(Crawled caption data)
■ ■ ■ ■

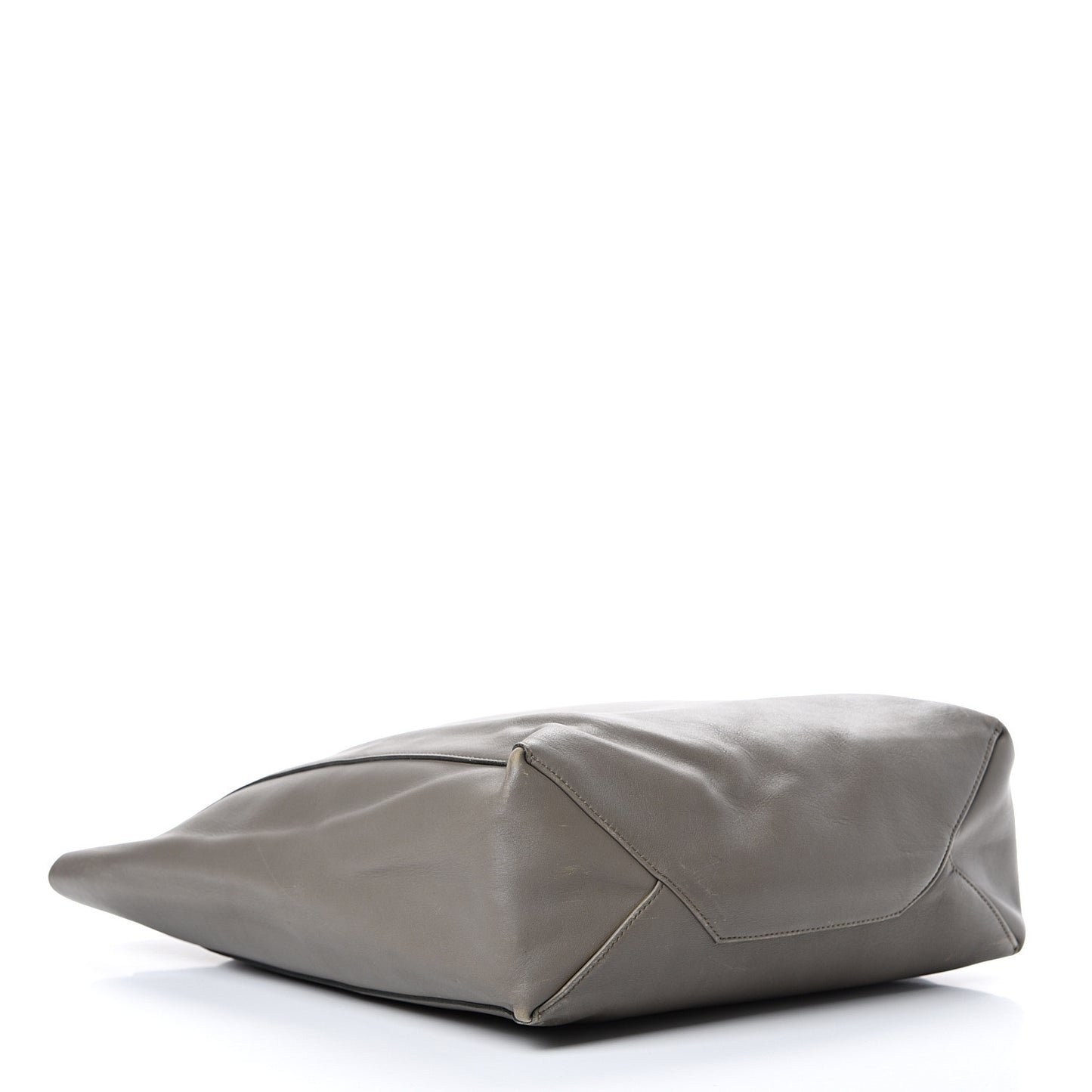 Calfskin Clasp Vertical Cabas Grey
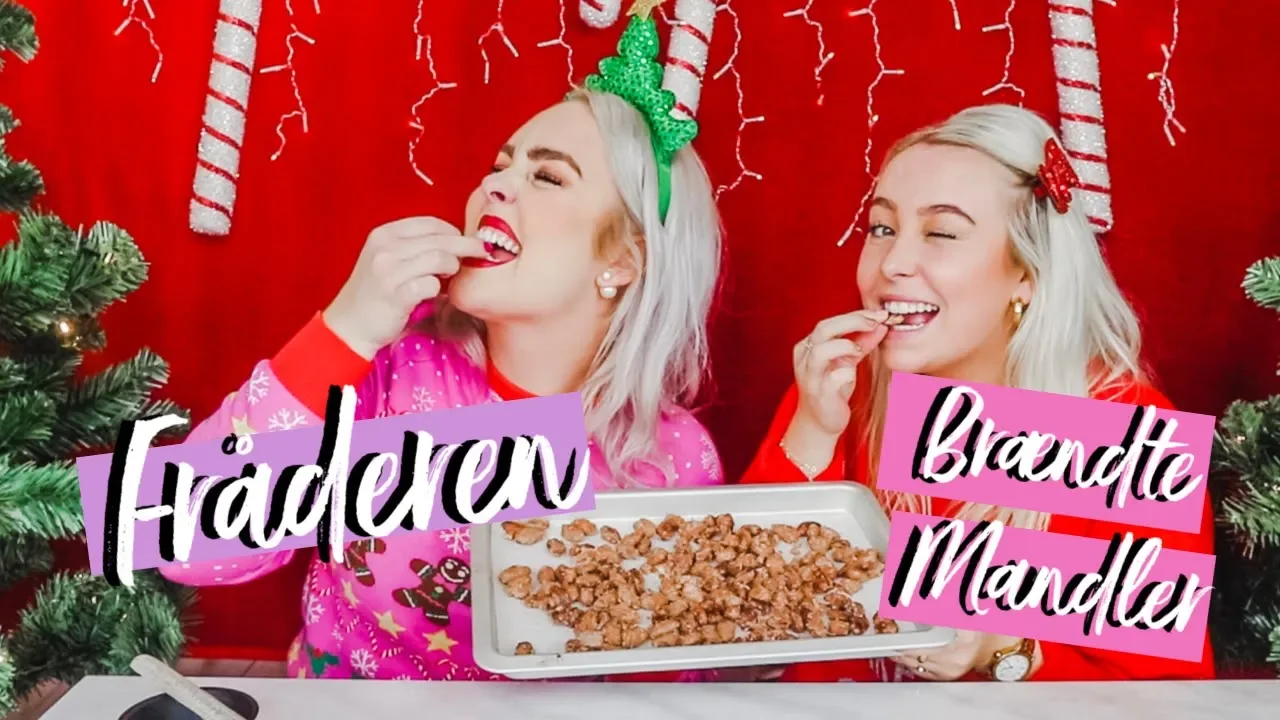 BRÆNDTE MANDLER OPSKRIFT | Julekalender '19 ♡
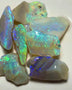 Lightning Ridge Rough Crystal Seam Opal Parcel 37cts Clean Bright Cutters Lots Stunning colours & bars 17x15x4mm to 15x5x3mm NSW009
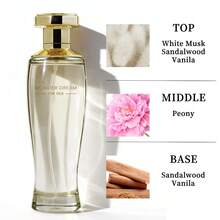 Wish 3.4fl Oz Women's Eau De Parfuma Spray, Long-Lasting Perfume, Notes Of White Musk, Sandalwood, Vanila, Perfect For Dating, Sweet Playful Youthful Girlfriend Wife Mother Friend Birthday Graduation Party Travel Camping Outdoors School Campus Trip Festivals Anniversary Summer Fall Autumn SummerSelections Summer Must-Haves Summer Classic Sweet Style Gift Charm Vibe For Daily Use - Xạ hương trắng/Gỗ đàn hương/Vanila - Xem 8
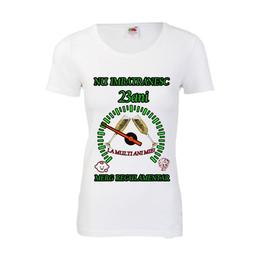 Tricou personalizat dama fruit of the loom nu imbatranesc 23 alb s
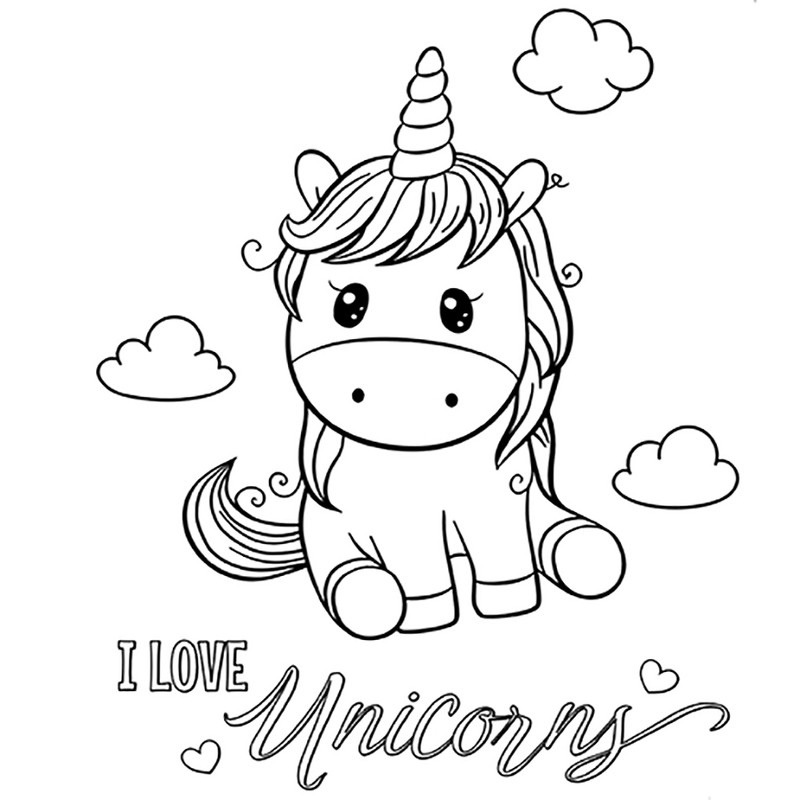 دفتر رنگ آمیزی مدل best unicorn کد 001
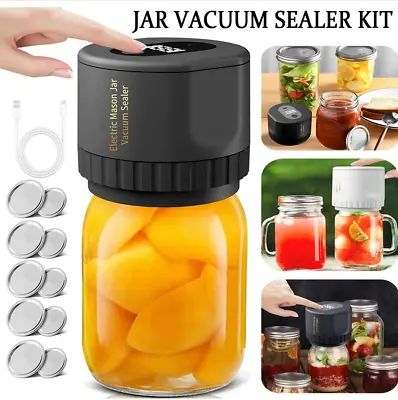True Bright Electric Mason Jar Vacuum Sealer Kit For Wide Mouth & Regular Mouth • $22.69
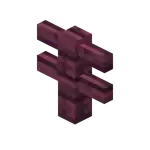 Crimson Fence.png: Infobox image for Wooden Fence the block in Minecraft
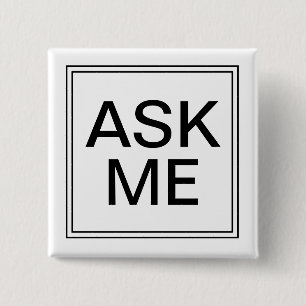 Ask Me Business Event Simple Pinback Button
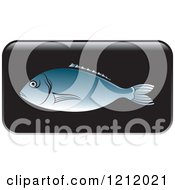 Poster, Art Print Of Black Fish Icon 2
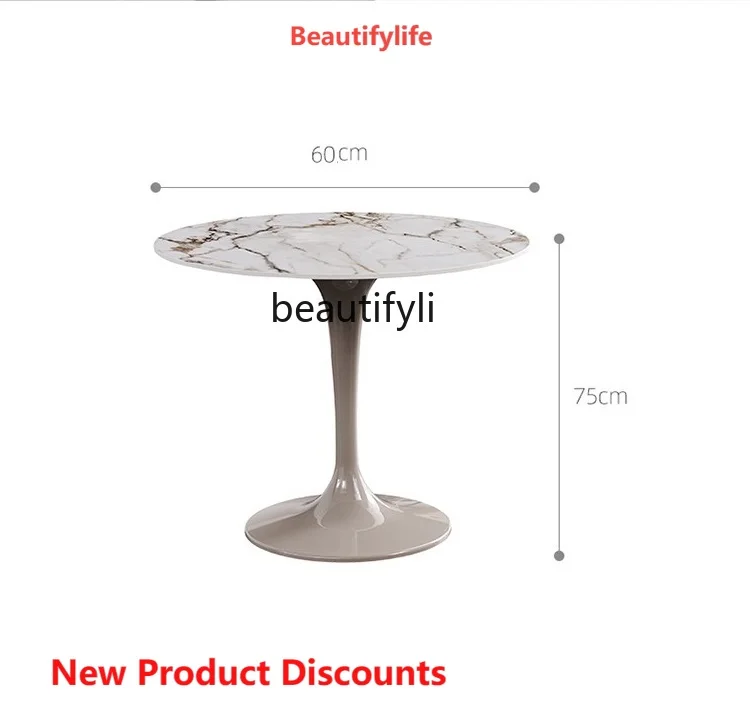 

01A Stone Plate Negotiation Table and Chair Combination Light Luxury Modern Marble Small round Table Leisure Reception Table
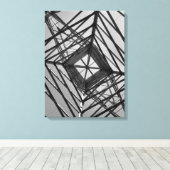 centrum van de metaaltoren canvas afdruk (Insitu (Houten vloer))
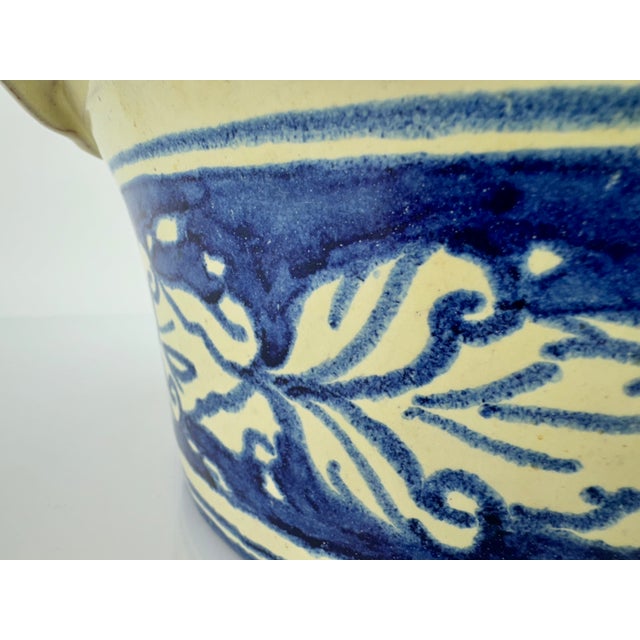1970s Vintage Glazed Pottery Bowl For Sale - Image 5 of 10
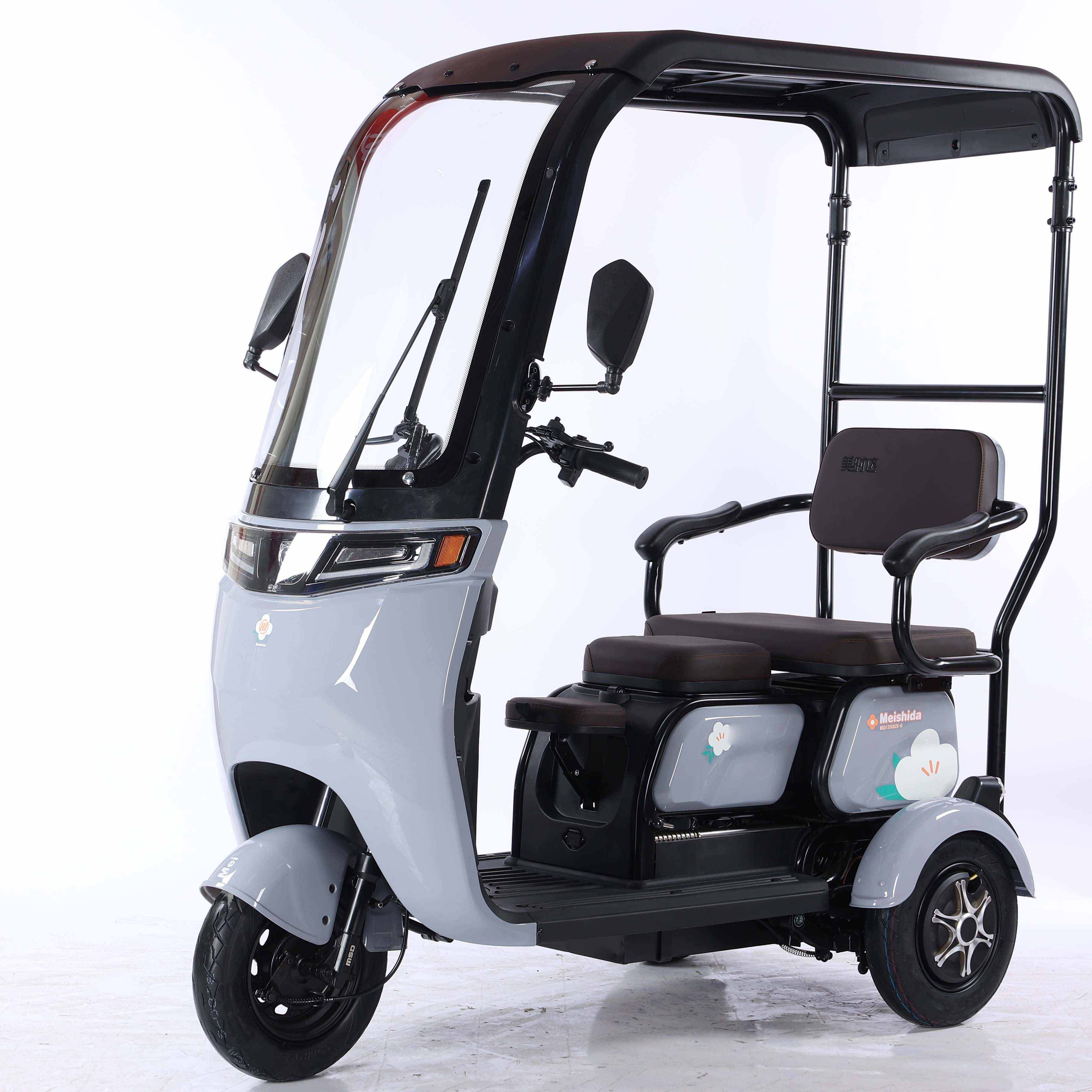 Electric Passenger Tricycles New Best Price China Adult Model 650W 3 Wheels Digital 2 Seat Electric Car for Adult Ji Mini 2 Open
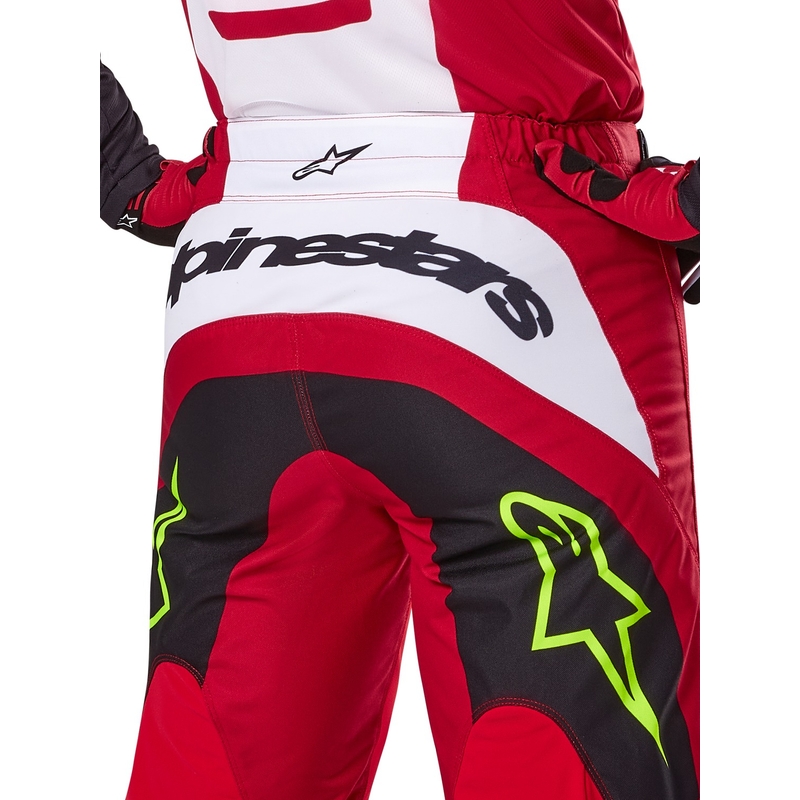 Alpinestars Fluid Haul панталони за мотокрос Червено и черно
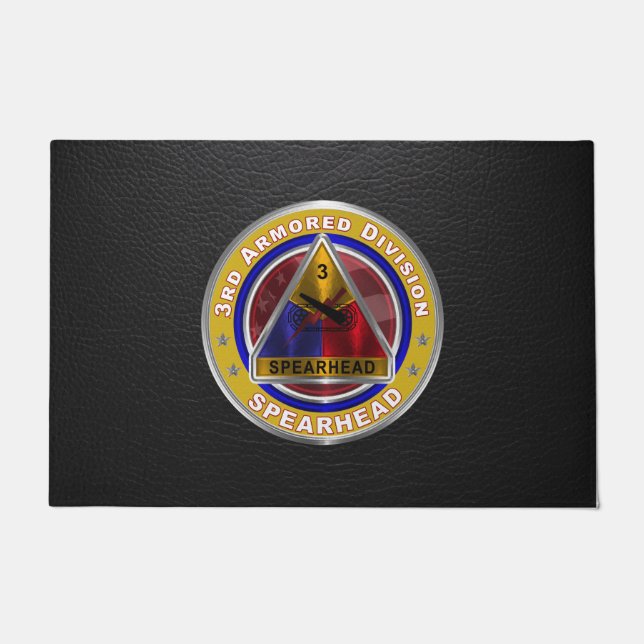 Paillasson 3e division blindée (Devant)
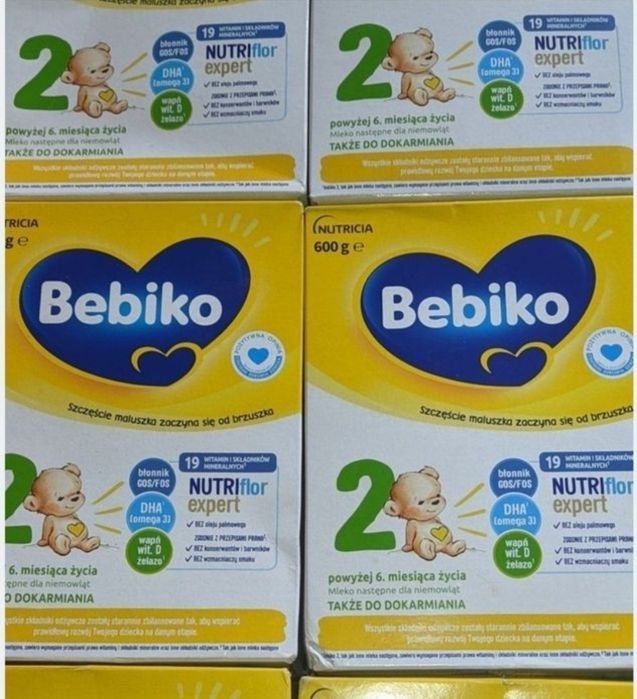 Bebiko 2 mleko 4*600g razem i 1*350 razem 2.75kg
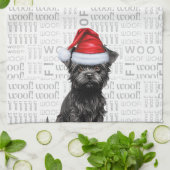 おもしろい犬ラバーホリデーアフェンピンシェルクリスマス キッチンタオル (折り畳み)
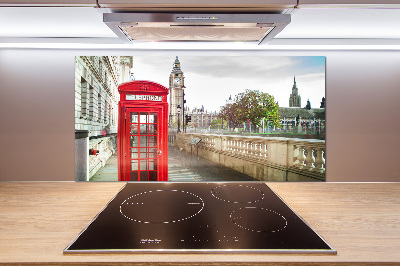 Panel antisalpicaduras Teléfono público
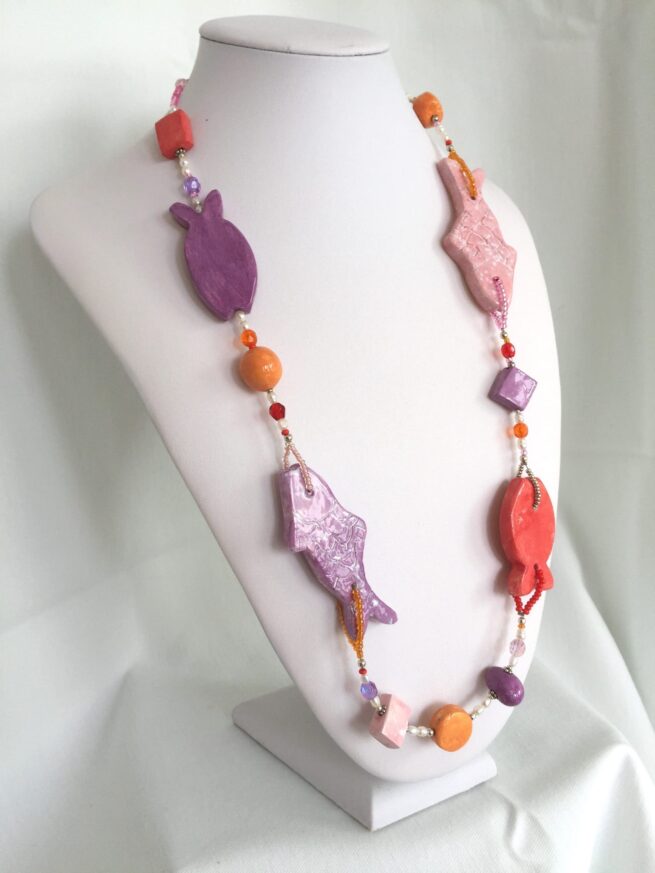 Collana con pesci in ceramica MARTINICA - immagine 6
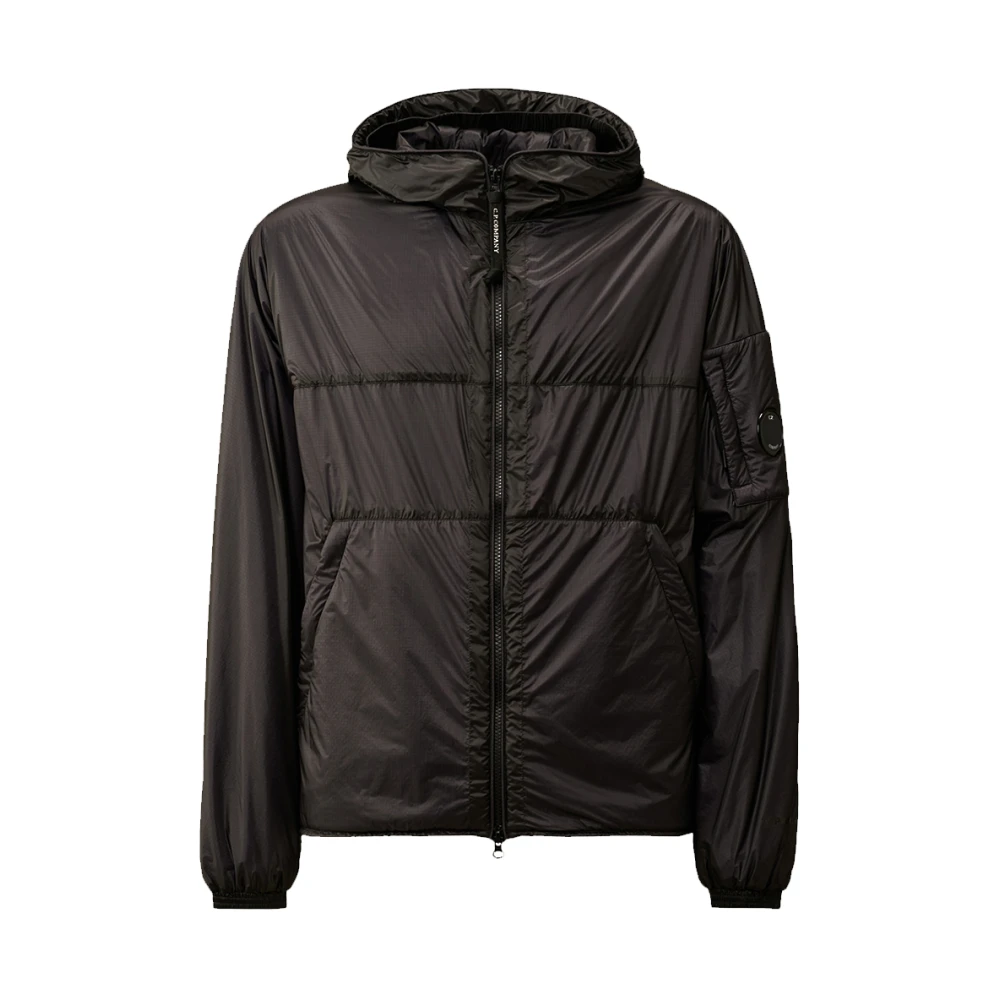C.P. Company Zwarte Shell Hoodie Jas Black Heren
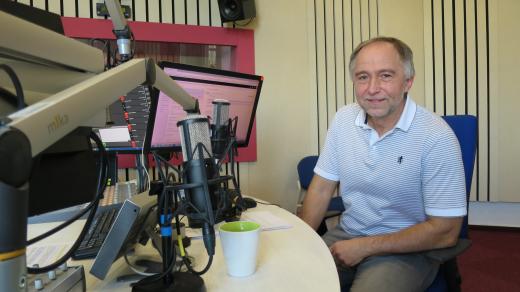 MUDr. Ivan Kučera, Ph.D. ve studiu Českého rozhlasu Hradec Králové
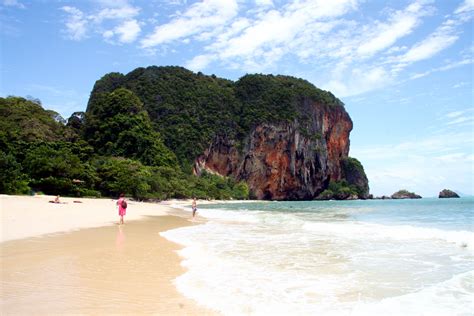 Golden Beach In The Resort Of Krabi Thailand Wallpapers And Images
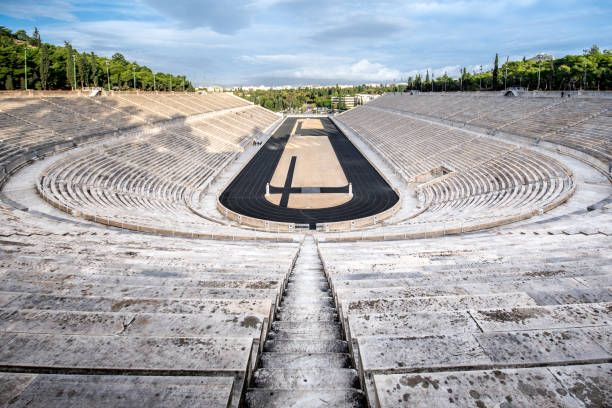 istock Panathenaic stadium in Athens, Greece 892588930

■ ■ ■ ■

**REQUIRED ACTION:** Please output every record above exactly. Leave the pictures out.

**SOLUTION TO THIS EXERCISE:**
 Calfskin Clasp Vertical Cabas Grey
 BRÆNDTE MANDLER OPSKRIFT | Julekalender '19 ♡
 Lightning Ridge Rough Crystal Seam Opal Parcel 37cts Clean Bright Cutters Lots Stunning colours & bars 17x15x4mm to 15x5x3mm NSW009
 Wish 3.4fl Oz Women's Eau De Parfuma Spray, Long-Lasting Perfume, Notes Of White Musk, Sandalwood, Vanila, Perfect For Dating, Sweet Playful Youthful Girlfriend Wife Mother Friend Birthday Graduation Party Travel Camping Outdoors School Campus Trip Festivals Anniversary Summer Fall Autumn SummerSelections Summer Must-Haves Summer Classic Sweet Style Gift Charm Vibe For Daily Use - Xạ hương trắng/Gỗ đàn hương/Vanila - Xem 8
 Tricou personalizat dama fruit of the loom nu imbatranesc 23 alb s
 دفتر رنگ آمیزی مدل best unicorn کد 001
True Bright Electric Mason Jar Vacuum Sealer Kit For Wide Mouth & Regular Mouth • $22.69
 Crimson Fence.png: Infobox image for Wooden Fence the block in Minecraft
 Ask Me Business Event Simple Pinback Button
 Poster, Art Print Of Black Fish Icon 2

01A Stone Plate Negotiation Table and Chair Combination Light Luxury Modern Marble Small round Table Leisure Reception Table
 centrum van de metaaltoren canvas afdruk (Insitu (Houten vloer))
1970s Vintage Glazed Pottery Bowl For Sale - Image 5 of 10
 Electric Passenger Tricycles New Best Price China Adult Model 650W 3 Wheels Digital 2 Seat Electric Car for Adult Ji Mini 2 Open
 Alpinestars Fluid Haul панталони за мотокрос Червено и черно
 Paillasson 3e division blindée (Devant)
 Bebiko 2 mleko 4*600g razem i 1*350 razem 2.75kg
 おもしろい犬ラバーホリデーアフェンピンシェルクリスマス キッチンタオル (折り畳み)
 Panel antisalpicaduras Teléfono público
 Collana con pesci in ceramica MARTINICA - immagine 6
C.P. Company Zwarte Shell Hoodie Jas Black Heren
 MUDr. Ivan Kučera, Ph.D. ve studiu Českého rozhlasu Hradec Králové
 Golden Beach In The Resort Of Krabi Thailand Wallpapers And Images
 istock Panathenaic stadium in Athens, Greece 892588930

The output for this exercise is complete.